------ LISTED ENTRIES
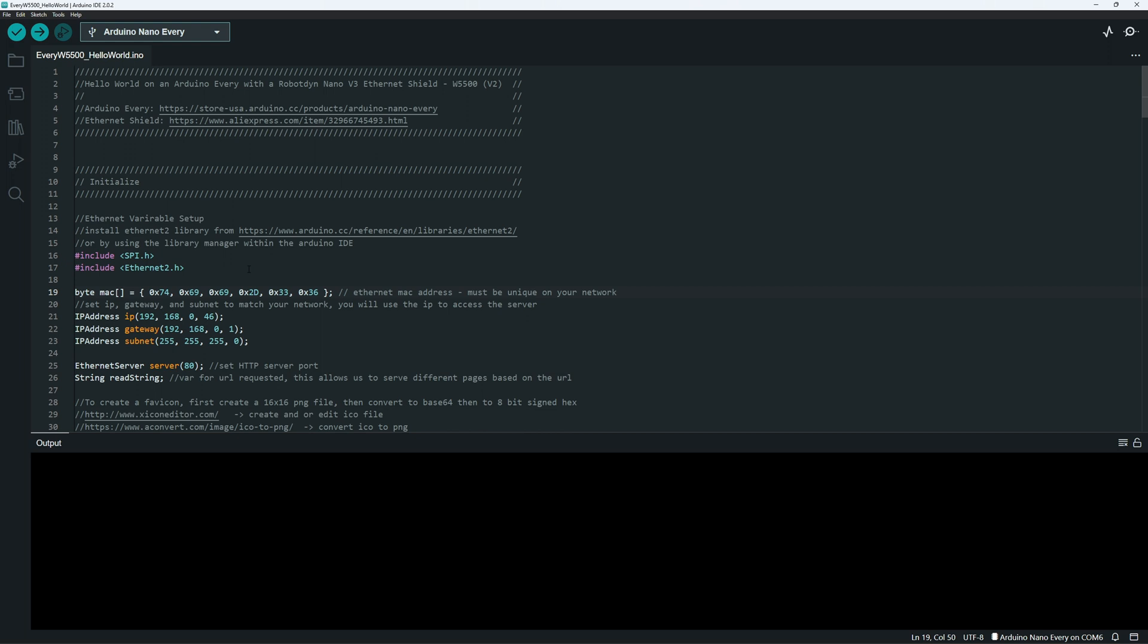Here I have a Hello World test sketch for the hardware we're using. I'll go through the sketch and I'll also upload it so you can find it in the description of the video and download it if that helps you.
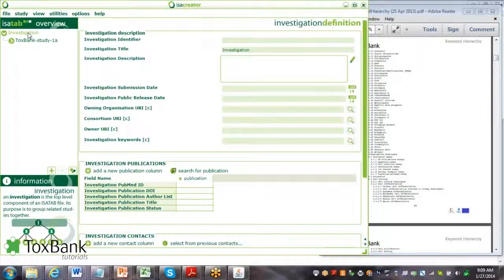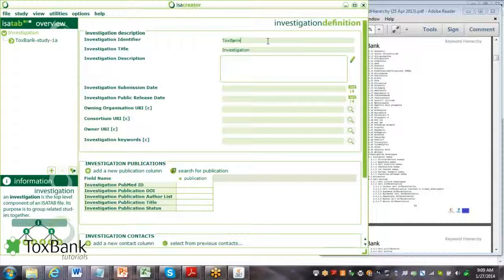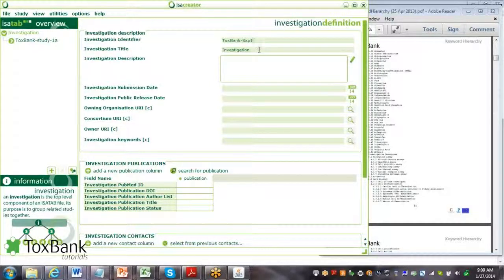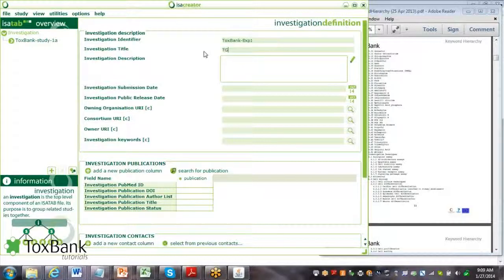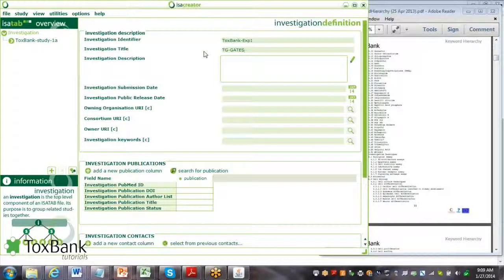The first step is to provide some sort of identifier that you used internally. Then give it the title of the investigation. For this one, I'll just use the TG Gates example.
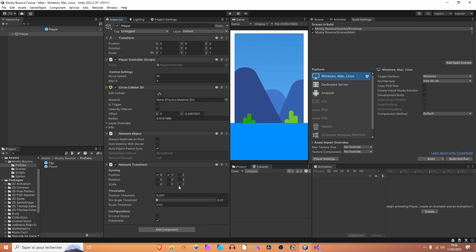So, why do we remove these? First off, because we don't need them. And secondly, because the less data you want to send across the network, the better. The faster your game will be running. Okay? Awesome.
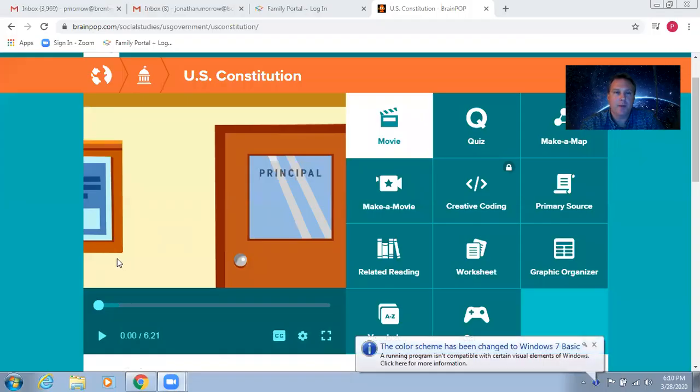So we're going to be reviewing the Constitution, state capitals, the Bill of Rights. And I would like to show a video. So just sit back, relax, and enjoy this video about the U.S. Constitution.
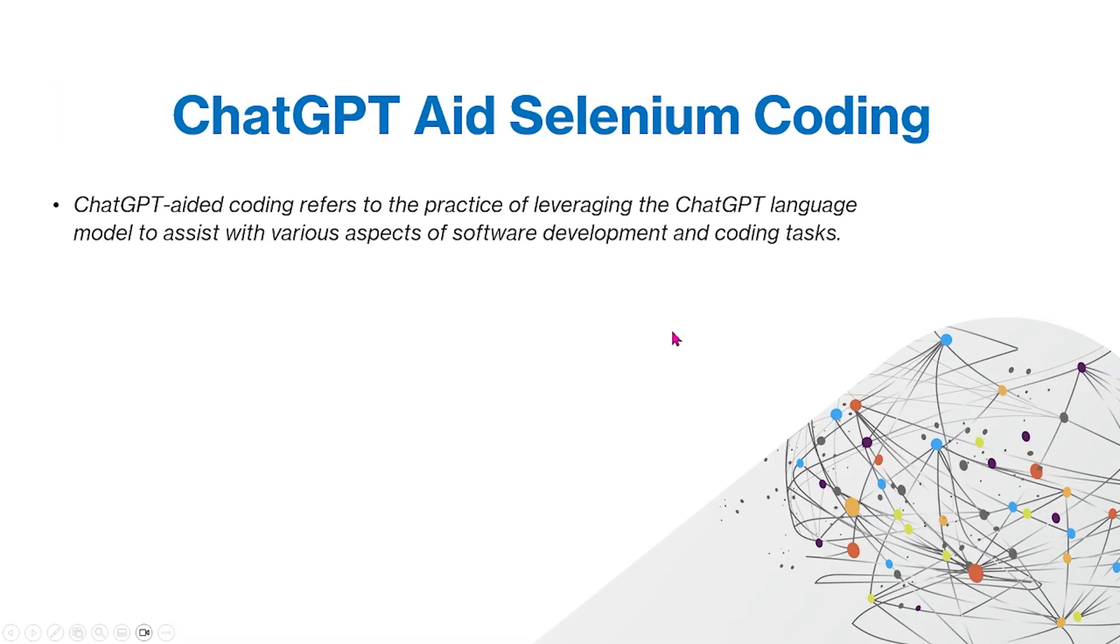In today's video, we're going to talk about using ChatGPT to aid coding.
------------
WHAT YOU WILL DO. Leave out all pictures and extract exactly the lines from the line with "So, why do we" through the end of the material.

RESPONSE BOX.
So, why do we remove these? First off, because we don't need them. And secondly, because the less data you want to send across the network, the better. The faster your game will be running. Okay? Awesome.
So we're going to be reviewing the Constitution, state capitals, the Bill of Rights. And I would like to show a video. So just sit back, relax, and enjoy this video about the U.S. Constitution.
In today's video, we're going to talk about using ChatGPT to aid coding.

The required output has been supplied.